Balancing property with the number of observations and reduction in bias after matching is presented in [Supplementary Table S4]a and [Supplementary Table S4]b, respectively. [Supplementary Figure S1] and [Supplementary Figure S2] give a graphical representation of the balancing test in matched individual samples for inpatient and outpatient care, respectively.
Average treatment effect after matching on individual-level outcome variables
The difference in the per episode OOPE for inpatient and outpatient care between individuals with cancer and two matched control groups (any chronic condition and high OOPE chronic ailments) is shown in [Table 4]. For inpatient treatment, the per episode OOPE for cancer was ₹52,393 more than that for any other matched chronic ailment and ₹48,293 more than that for matched high-expenditure chronic ailments. The per episode OOPE was higher for cancer treatment both in the public and private sector hospitals. The per episode expenditure on inpatient treatment for cancer in a private facility was ₹115,000. The per episode expenditure on drugs and diagnostics for patients receiving outpatient cancer care was about five times greater than that for patients receiving outpatient care for any other chronic ailments and high-OOPE chronic ailments. Patients with cancer also spent about ₹4500 more on non-medical items including transportation, food, lodging, etc., for each inpatient episode of cancer when compared to those with any other ailments. Similar trends were observed for outpatient treatment. The OOPE for cancer treatment was significantly greater than that for the treatment of other ailments for all the indicators of expenses.
|Table 4: Out-of-pocket expenditure and utilization of health-care in the matched sample of individuals|
Click here to view
As far as health-care utilization is concerned, patients with cancer were likely to have double the number of days of hospital stay as compared to the matched patients with other chronic ailments and more than double as compared to the matched patients with high-OOPE chronic ailments.
Average treatment effect after matching on household level outcome variables
The burden of cancer on the households is described using various indicators in [Table 5]. Treatment of cancer led to a considerably higher per person burden of health-care expenditure on the households. The per person OOPE for households with at least one cancer patient exceeded that of the other households by ₹19,371 for inpatient care and ₹866 for outpatient care. Households with ailing members faced a loss in income due to the inability of the ailing persons and their caregivers to go to work. The per person loss in income for a cancer-affected household was 2.5 times that of a non-cancer-affected household for inpatient care and 4 times that of a non-cancer-affected household for outpatient care. The number of households per 100 that borrowed money to pay for inpatient health-care was 15 more for cancer than that for non-cancer ailments; for outpatient health-care this difference was 4.5. The share of monthly income spent on inpatient or outpatient OOPE by a cancer-affected household was double of that spent by a non-cancer-affected household. Health-care utilization for other chronic ailments by the rest of the family members in a cancer-affected household was lower than that for a non-cancer-affected household by 26–28 visits per 100 persons.
| Discussion|| |
Our results showed that in addition to a significant disruption in the overall well-being of the individuals and caregivers, cancer imposed an enormous economic burden on the affected households. The results of this study are robust because they demonstrate a greater burden due to cancer not only in comparison to all chronic conditions but also in comparison to those chronic conditions that have a high OOPE. Like several other studies, from various countries including India, this study reflects a greater financial burden in terms of OOPE and income loss due to cancer.,,,
Our results show that in the absence of expenditure support, a large proportion of households resort to selling their assets or borrowing money to undertake OOPE when there is a cancer-affected individual in the family. In addition, we have reported reduced health-care utilization and expenditure for other members of the cancer-affected households.

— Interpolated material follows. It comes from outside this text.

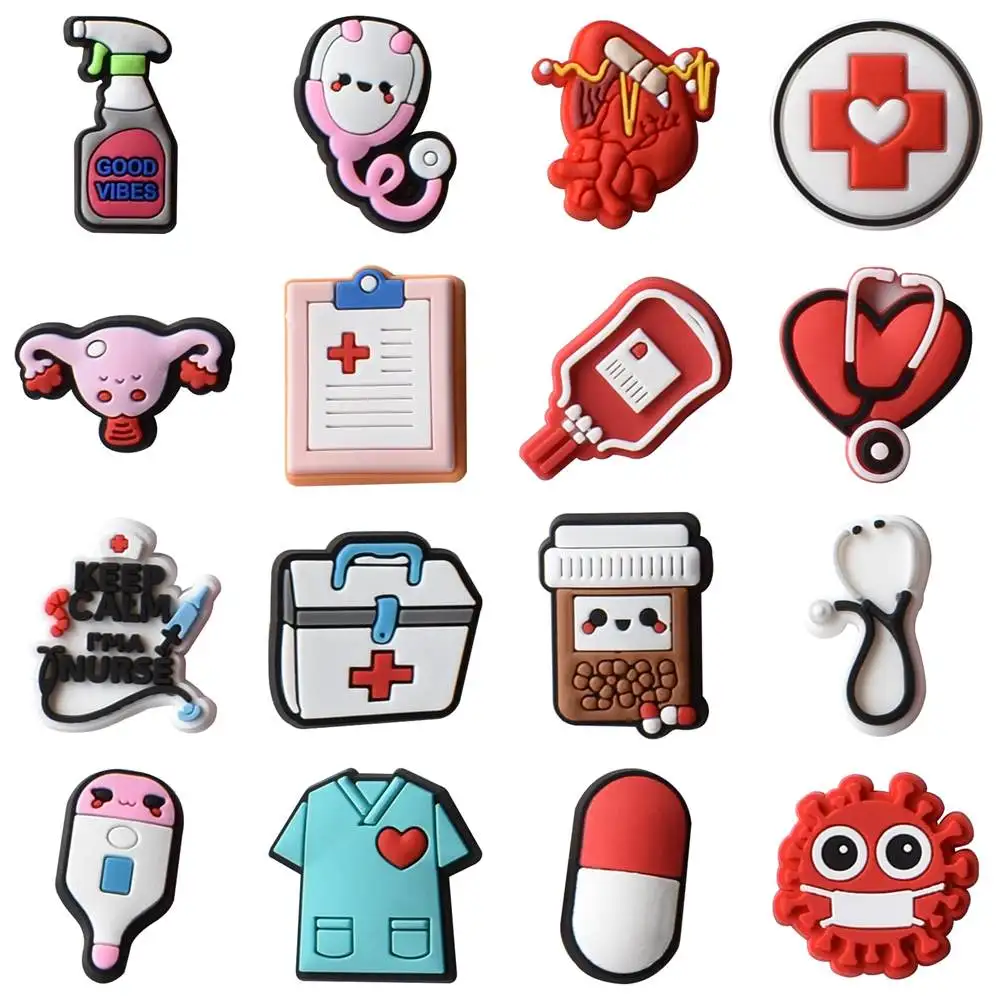 

Nurse Shoe Charms Decoration for Crocs Kids Women Christmas Gift Girls Birthday Favors Pin Die Pvc Para Charm Shoes Accessories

Over a period of time, the magnitude of differential OOPE (in current prices) has increased tremendously. Our results show that the per person OOPE for inpatient care in a cancer-affected household is ₹31,401 per annum which is much greater than ₹3576-4438 as was reported by a previous study. This indicates that various government policies and public insurance schemes over the years have not been able to take care of the high economic burden of cancer treatment. The magnitude of OOPE burden estimated in our study can be used for designing a prepayment expenditure support policy and to determine the quantum of public expenditure needed to provide affordable cancer care.
In the context of the acute distress experienced by patients with cancer and their families, our study draws attention to the need for designing preventive health-care policies such as regular screening and training of health-care workers at the primary care facilities for the early detection and prevention of some of the common cancers. The integration of preventive care at the primary level has become more pertinent as the National Health Policy 2017 has brought a paradigm shift in the primary care from selective to comprehensive care.
The strength of our study is the use of the PSM method for the analysis of the data from the most recent nationally representative household survey of individuals on health for determining the economic and non-economic burden of cancer. This method helps to control for confounders and mitigate the bias in estimating the differential burden of cancer. Our study is quite robust as we used a check of robustness by matching the test group with two alternative sets of control groups: those with all chronic ailments and those with a set of ailments that have high OOPE. Matching was also done separately at the individual and household levels. The results hold up on all these different empirical estimates.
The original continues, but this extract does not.